* _Work instruction_: Emit a verbatim copy of the lines below from the line with "Φωτογραφία από το" through the line with "Áo khoác Maje blazer tweed xanh lá khuy vàng", excluding pictures and everything outside that range.

* _Data for analysis_:
-------------------------

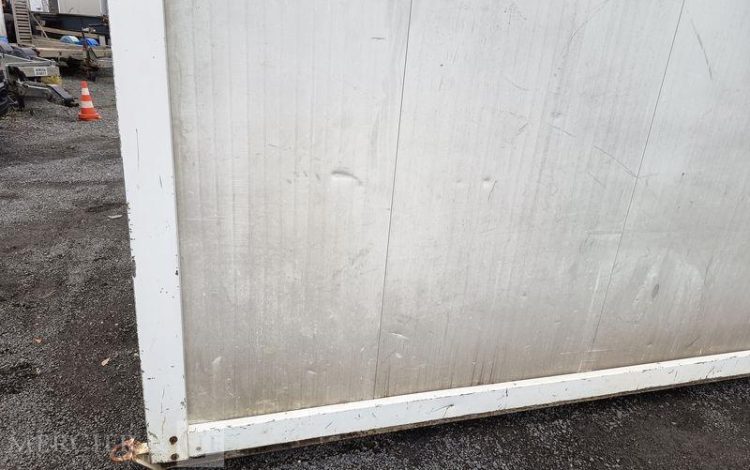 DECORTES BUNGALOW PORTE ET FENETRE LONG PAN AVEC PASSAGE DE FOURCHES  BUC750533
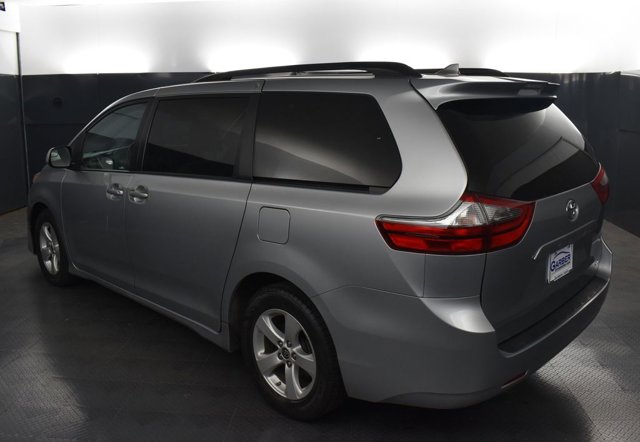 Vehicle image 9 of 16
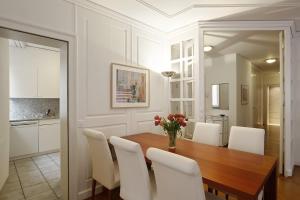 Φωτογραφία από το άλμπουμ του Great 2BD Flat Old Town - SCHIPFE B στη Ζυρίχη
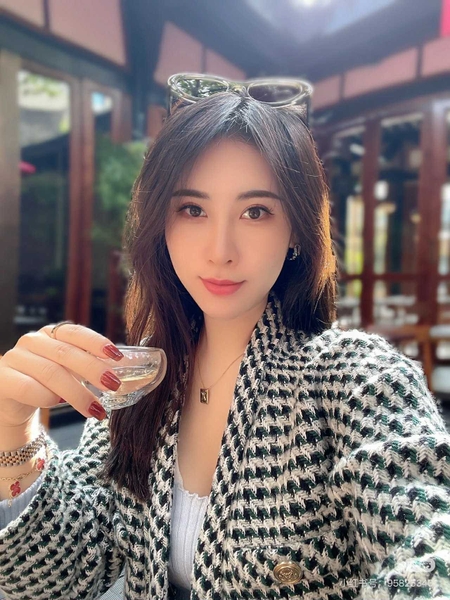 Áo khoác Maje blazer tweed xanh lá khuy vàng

-------------------------

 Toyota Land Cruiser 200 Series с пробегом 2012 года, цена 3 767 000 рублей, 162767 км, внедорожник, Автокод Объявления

-------------------------

* _Task output_:
 Φωτογραφία από το άλμπουμ του Great 2BD Flat Old Town - SCHIPFE B στη Ζυρίχη
 Áo khoác Maje blazer tweed xanh lá khuy vàng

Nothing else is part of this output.